We recognize that some might object to the arguments we have advanced so far on the basis that they do not deal directly with the issue of whether prostitution itself, or acts of prostitution, should be criminalized. Many people are certainly offended morally by prostitution, by the marketing of sex, by the sexual exploitation of poor and uneducated women. People who are morally offended by prostitution, and who think that whatever is seriously immoral ought to be made criminal, may advocate enlarging the Criminal Code‘s restriction on the activities of prostitutes.

However, it would be improper to criminalize behaviour, even behaviour which is considered to be immoral, unless it is harmful to others. To support this position is not to say that the State should encourage or approve of immorality. The repeal of Sections 195.1 and 193 would no more indicate approval of prostitution than did the repeal of sections governing private sexual behaviour between consenting adults indicate approval of all such possible behaviour. Our point is that legal moralism, so-called, is incompatible with the harm principle and with a commitment to liberty.
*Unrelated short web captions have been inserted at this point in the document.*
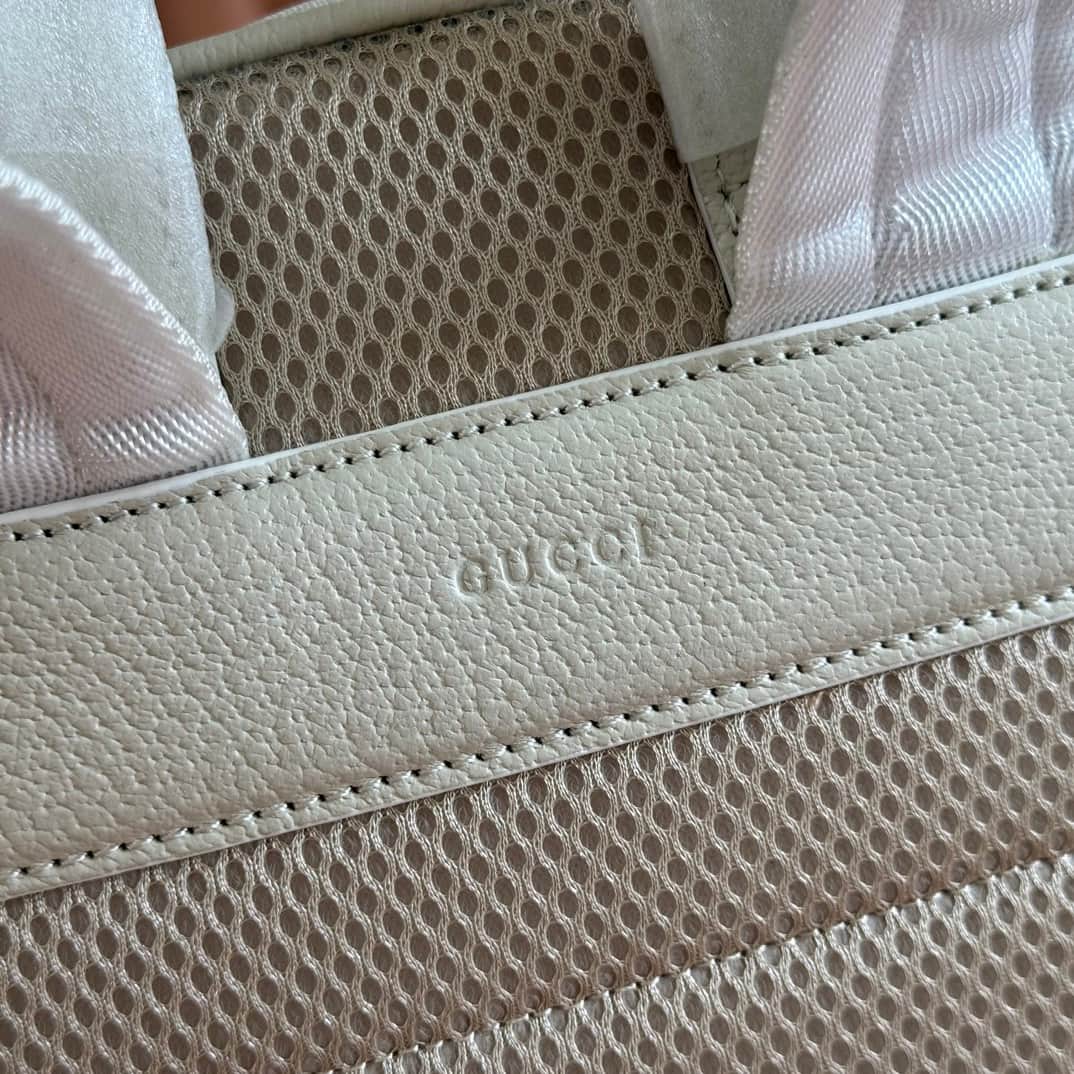 Gucci Ophidia Medium Backpack White soft GG Supreme 834466 High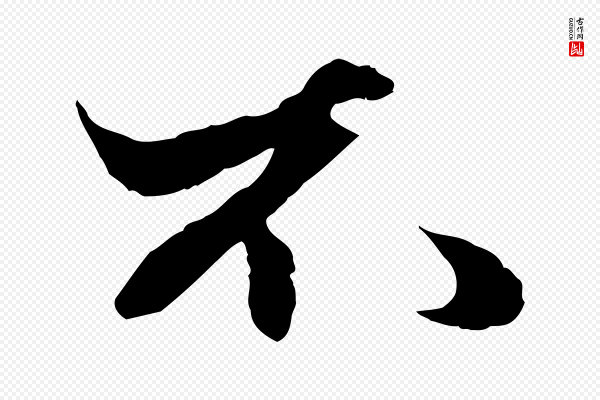 赵孟頫《绝交书》不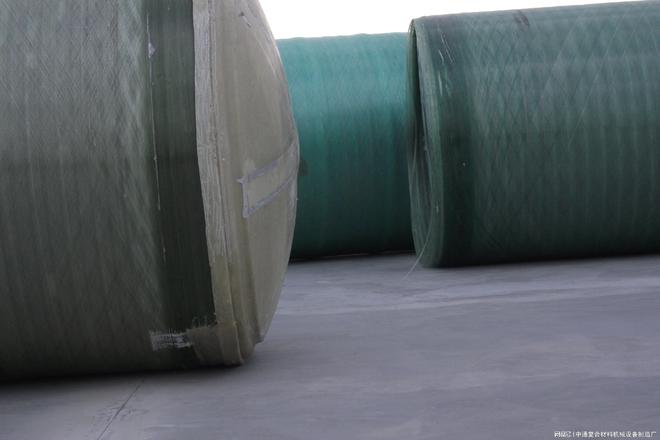 2026年度市级预算项目支出绩效目标表-物业管理费(图1)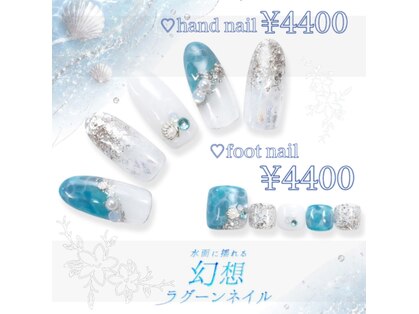 はあとねいる 和泉中央店の写真
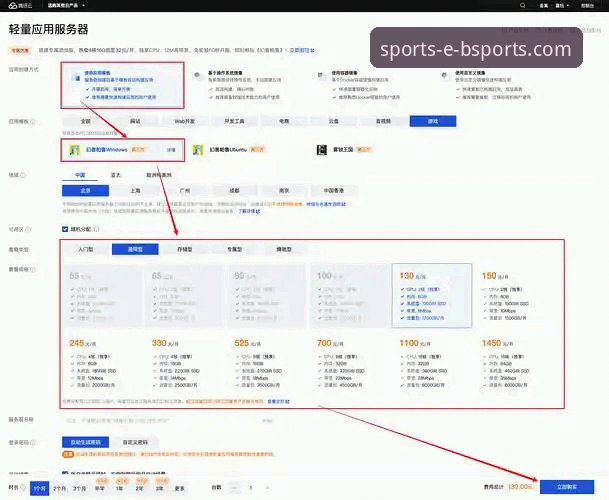 BSports体育平台官网访问与使用完整指南
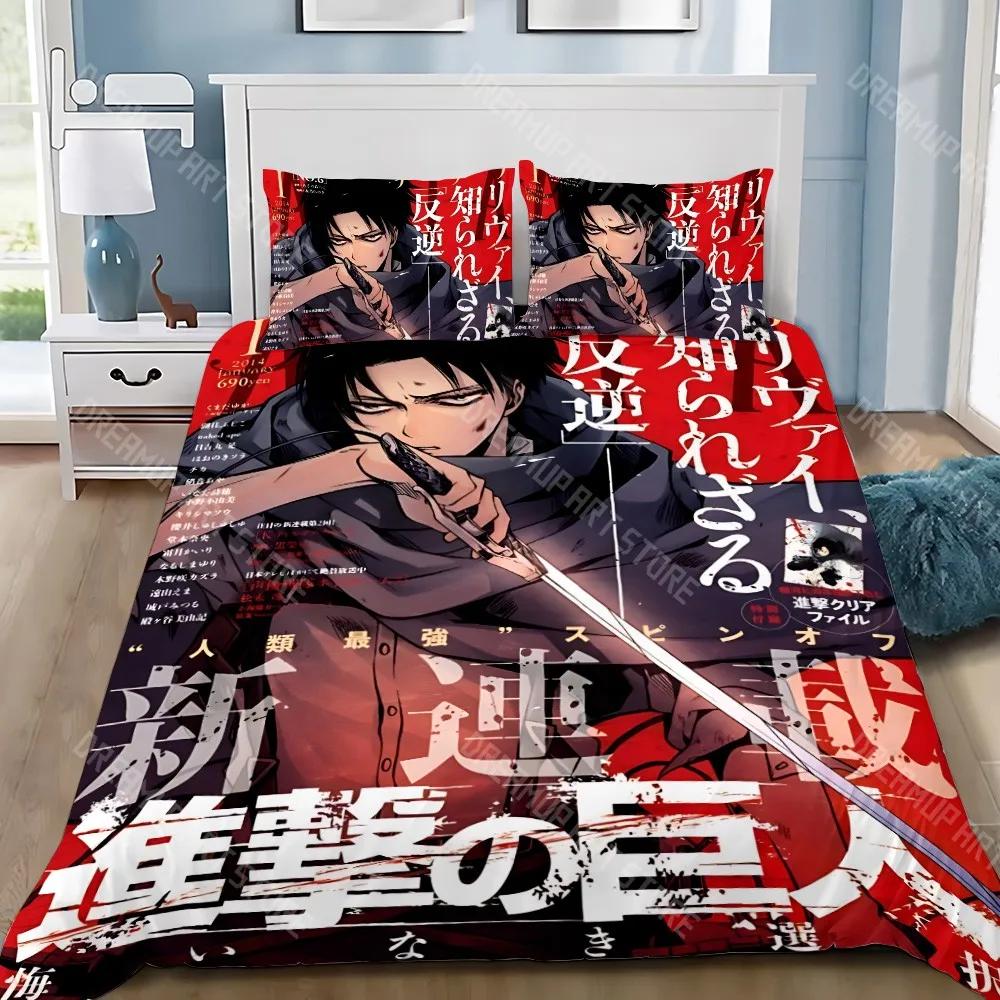 Bettbezug Kissenbezug Bettwäsche-Set Erwachsener Junge Attack on Titan Mädchen Schlafzimmer Dekoration Kinder Geschenk Einzel Doppel Groß Si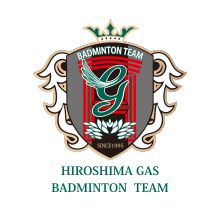 広島ガスバドミントン部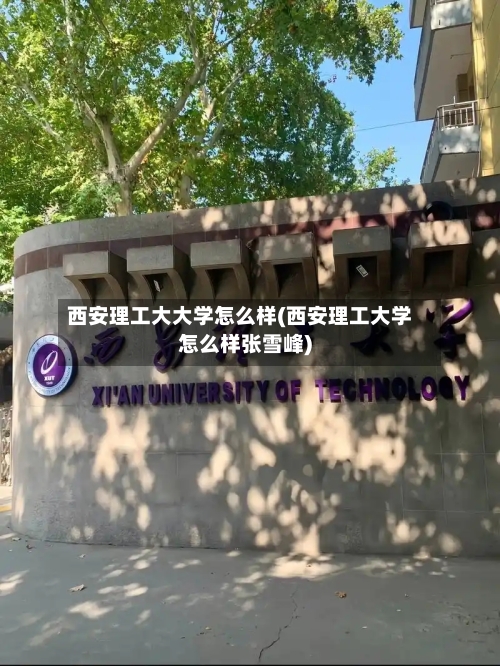 西安理工大大学怎么样(西安理工大学怎么样张雪峰)
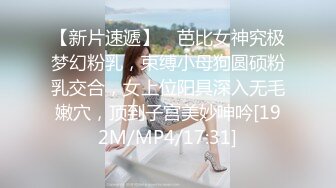 推荐！梦中情人~童颜女神~【京鱼儿】道具肛塞~户外露奶再次出山，惊艳全场 (2)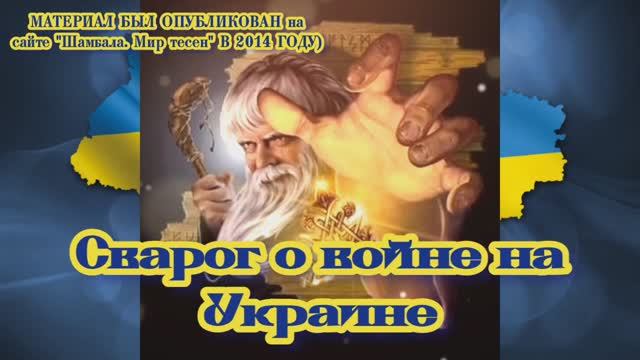 Сварог о войне на Украине
07.12.2023 ?⚡??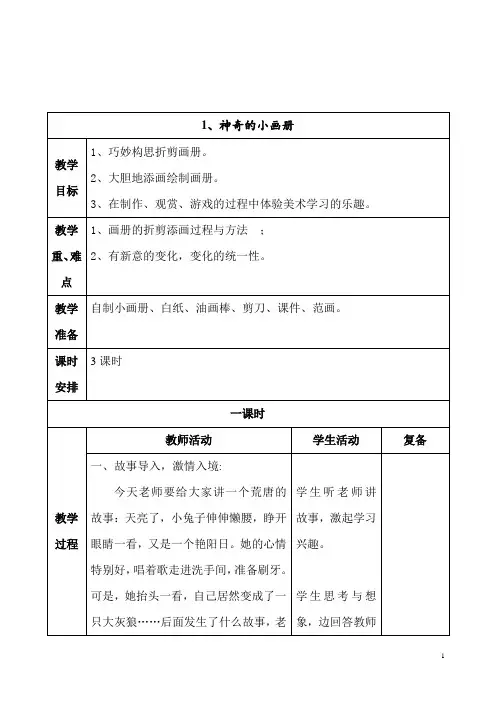 二年级上册美术教案- 第一课 神奇的小画册︳湘美版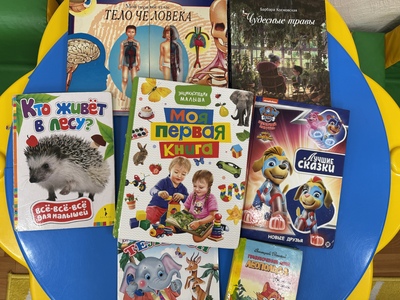 "Любимые книги детей"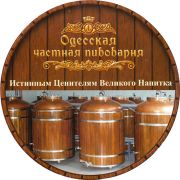 12409: Украина, Одесская пивоварня / Odesskaya Brewery
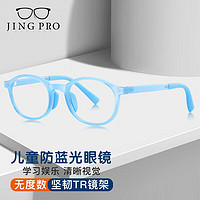 移动端：JingPro 镜邦 儿童护目镜 淡蓝色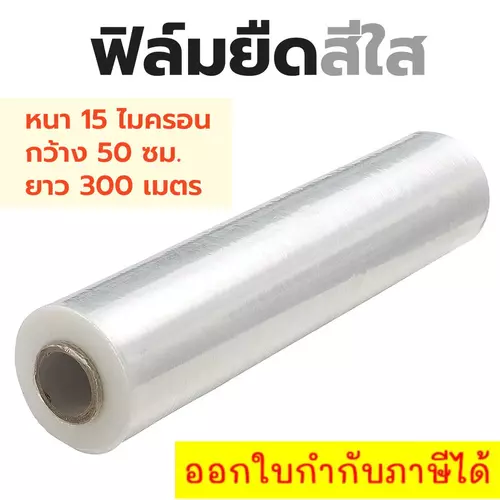 ฟิล์มยืดเทปใส หนา 15 ไมครอน กว้าง 50 ซม ยาว 300 เมตร แรปพลาสติกใสห่อของ ฟิล์มห่อของสีใส (1 ม้วน)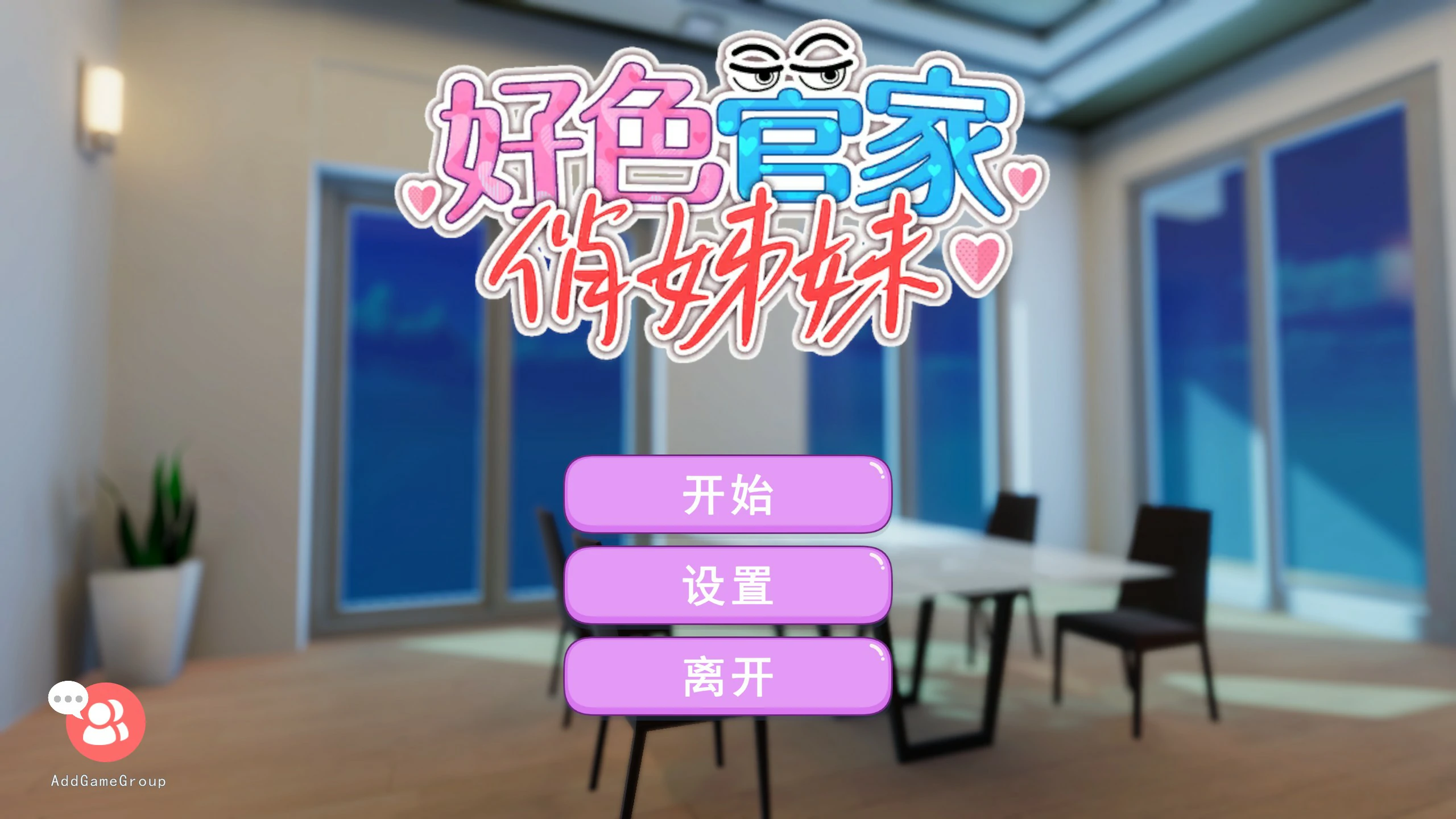 好色管家俏姐妹 封面 1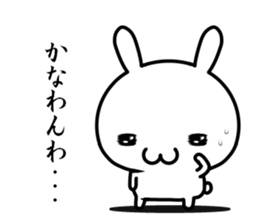 I want to speak "kansai-ben" sticker #13225787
What is the harm caused by prostitution which would justify invoking the criminal law? It is not possible to provide any justification for making being a prostitute criminal. For, except in cases in which being a certain type of person is a serious danger to others (which is plainly not so in the case of being a prostitute), only acts can properly be made criminal. Further, according to Mill’s principle, the only kind of acts that can properly be made criminal are those which do, or threaten to do, serious harm to others. Thus, the whole matter turns on whether or not it can be shown that acts of prostitution do, or threaten to do, serious harm to others. It is also to be emphasized that one cannot simply gesture towards things like injury to minors or invitation to criminal elements to fill this need. These kinds of considerations are certainly relevant, but one who wants to rest the law on them must demonstrate (rather than merely believe) that they are causally linked to acts of prostitution. We do not believe that such a demonstration can be performed.

Some might suggest that prostitution causes distress to those who are offended by it when they are able to see public soliciting for prostitution. However, such distress is not “harm” in the sense or degree which would permit legal sanctions to prevent it. And, more importantly, if we recognize that liberty of the individual is a social value then we must give full effect to that recognition and not limit it on the basis that some individuals are distressed (even seriously) by the behaviour of other individuals. As Professor H.L.A. Hart states in Law. Liberty. and Morality (1963):

If distress incident to the belief that others are doing wrong is harm, so also is the distress incident to the belief that others are not doing what you want them to do. To punish people for causing this kind of distress would be tantamount to punishing them simply because others objected to what they do; and the only liberty that could coexist with this extension of the utilitarian principle is liberty to do those things to which no one seriously objects. Such liberty is plainly nugatory. Recognition of individual liberty as a value involves, as a minimum, acceptance of the principle that the individual may do what he wants, even if others are distressed when they learn what it is that he does—unless, of course, there are other good grounds for forbidding it. No social order which accords to individual liberty any value could also accord the right to be protected from distress thus occasioned. (Oxford University Press, p. 47)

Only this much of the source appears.